■ Work instructions ■
Word-for-word transcription needed. Include every entry below but no pictures.

(Dataset records)
-*-
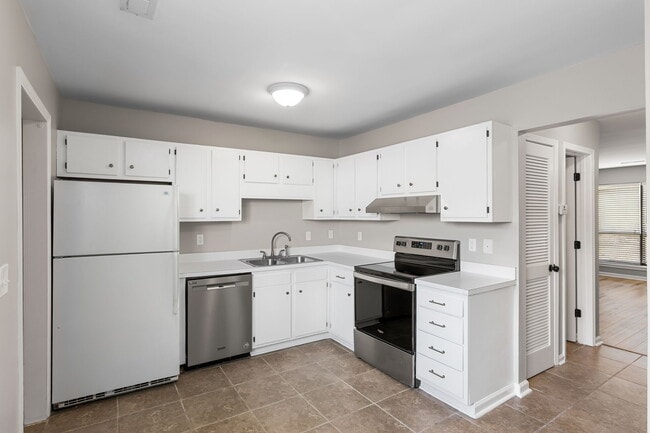 Photo - 1426 Camp Rd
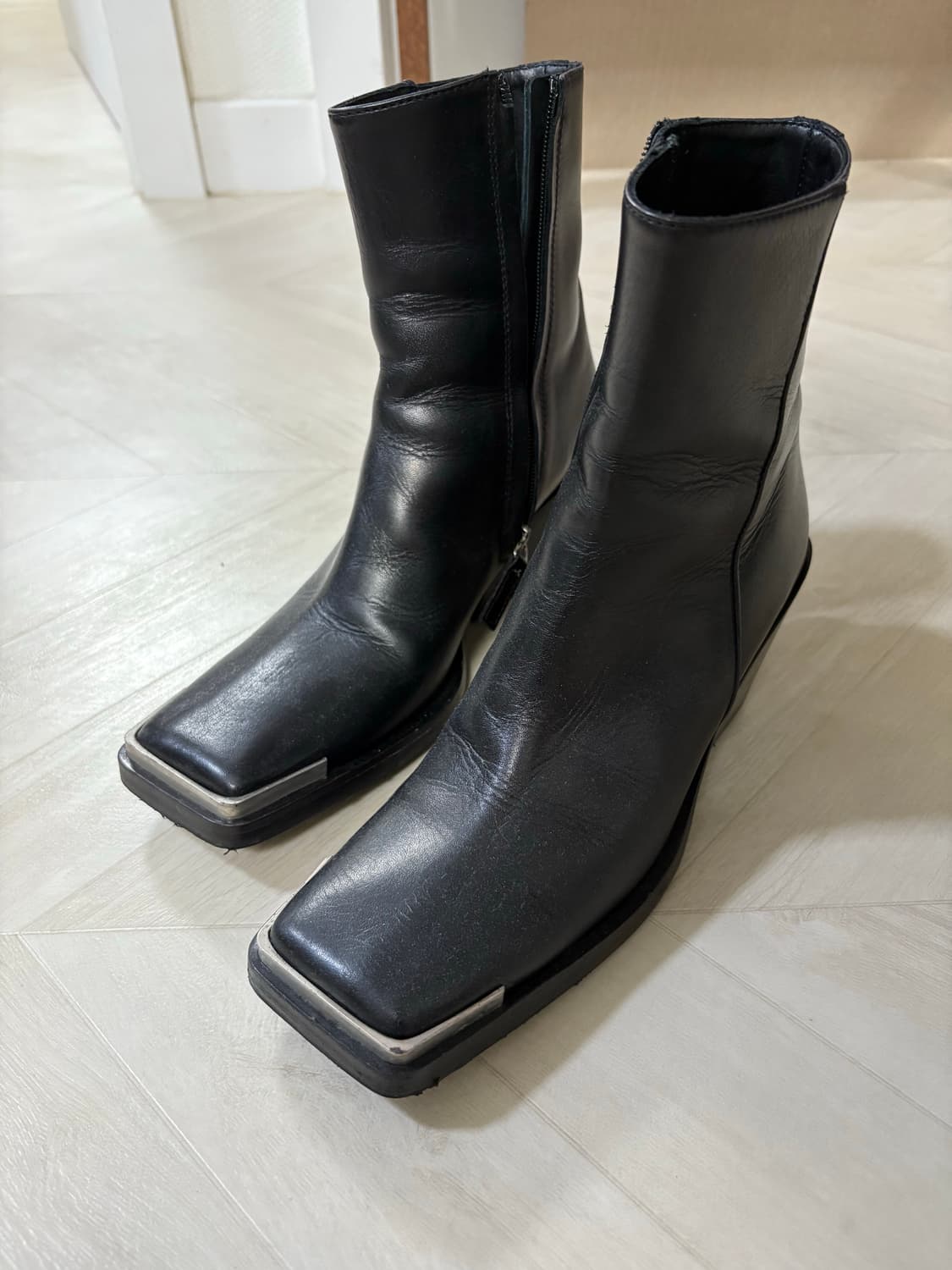 아크네스튜디오 스퀘어토 앵클 부츠 36 / 240 상품이미지1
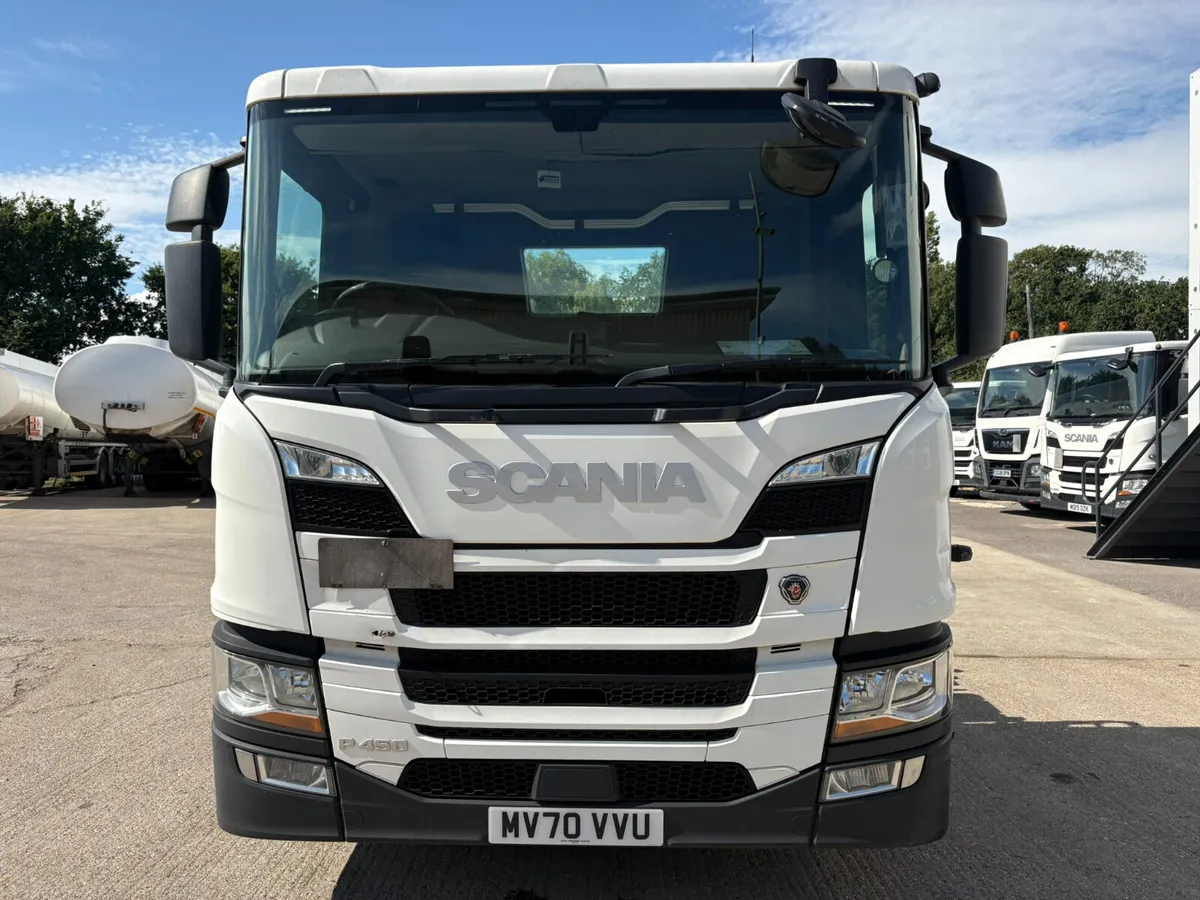 SCANIA P450 4X2 PET REG'D UNIT - Image 3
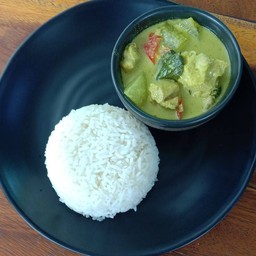 ข้าวแกงเขียวหวานไก่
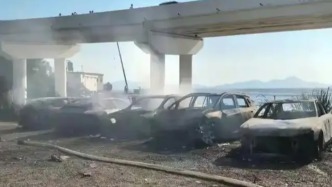 The fire in the Avita car ignited several nearby cars. The relevant departments are investigating the cause of the fire.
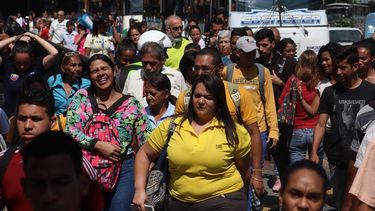 Decenas de personas caminan por Caracas en medio de un apagón que afectó el servicio del Metro de la ciudad, este 25 de marzo de 2019.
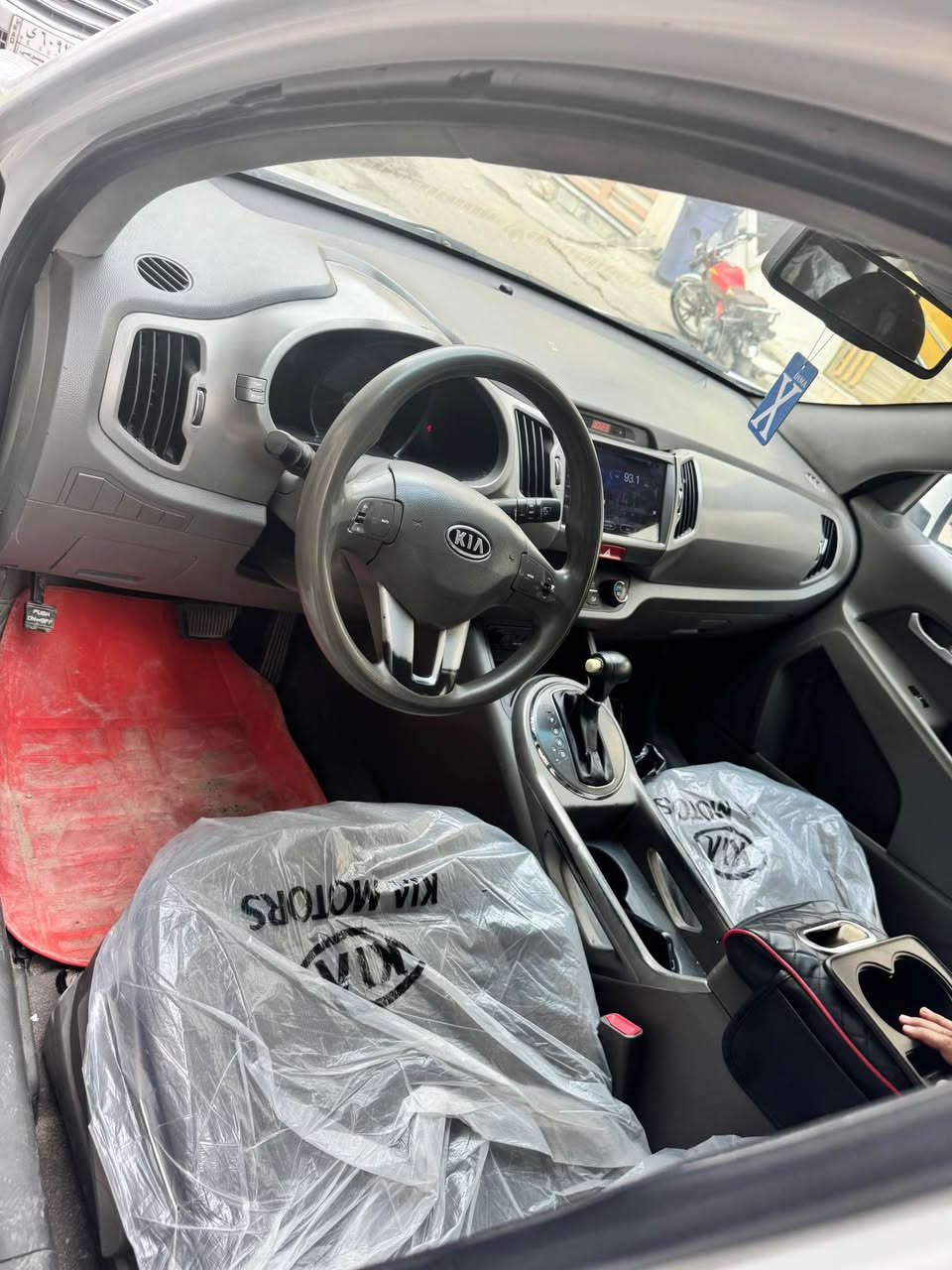 السلام عليكم..كياسبورتج 2011 مكفوله من الصبغ والتبديل والكير والمكينه ممفتوحات بانوراما شاشه كامره حساسات وباقي المواصفات السعر142 بيها مجال او مراوس بسورينتو 23 او 22 وارد امريكي مكاني بغداد الدوره *********** بغداد, العراق
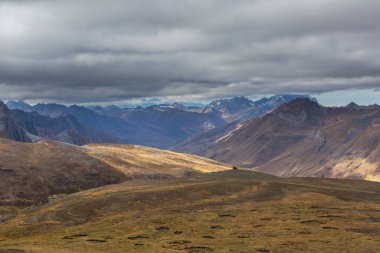 Peru 'daki And Dağları' ndaki (veya Güney Cordilleras 'taki) güzel dağlar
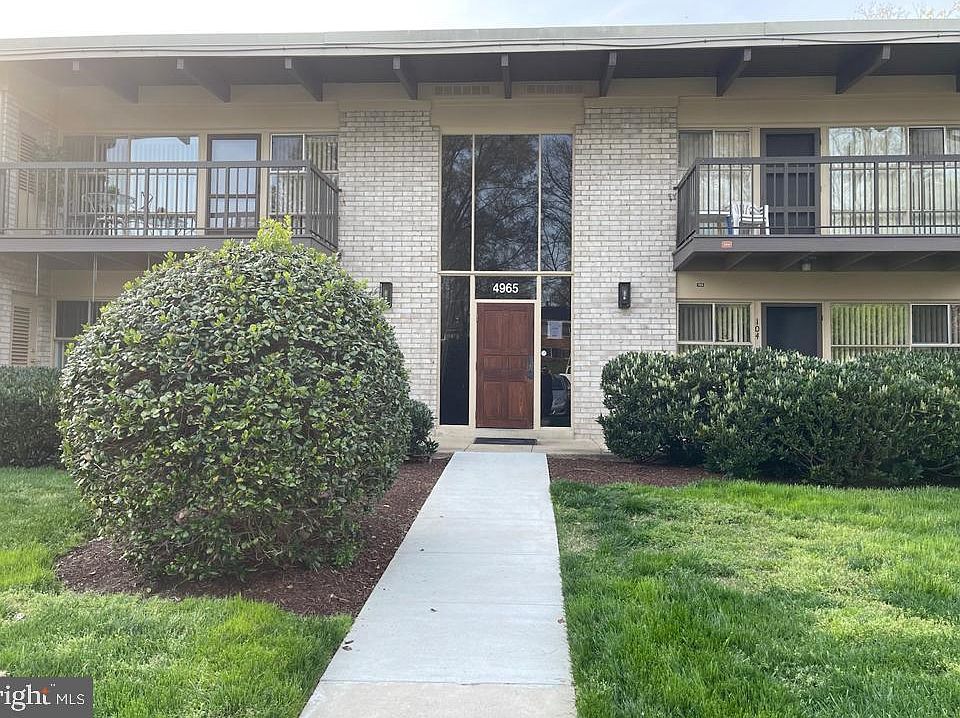 1st image of 4965 Americana Dr #E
-*-
■ Expected output ■
 Photo - 1426 Camp Rd
 아크네스튜디오 스퀘어토 앵클 부츠 36 / 240 상품이미지1
 SCANIA P450 4X2 PET REG'D UNIT - Image 3
 ข้าวแกงเขียวหวานไก่
 The fire in the Avita car ignited several nearby cars. The relevant departments are investigating the cause of the fire.
 Decenas de personas caminan por Caracas en medio de un apagón que afectó el servicio del Metro de la ciudad, este 25 de marzo de 2019.
 السلام عليكم..كياسبورتج 2011 مكفوله من الصبغ والتبديل والكير والمكينه ممفتوحات بانوراما شاشه كامره حساسات وباقي المواصفات السعر142 بيها مجال او مراوس بسورينتو 23 او 22 وارد امريكي مكاني بغداد الدوره *********** بغداد, العراق
 Peru 'daki And Dağları' ndaki (veya Güney Cordilleras 'taki) güzel dağlar
 1st image of 4965 Americana Dr #E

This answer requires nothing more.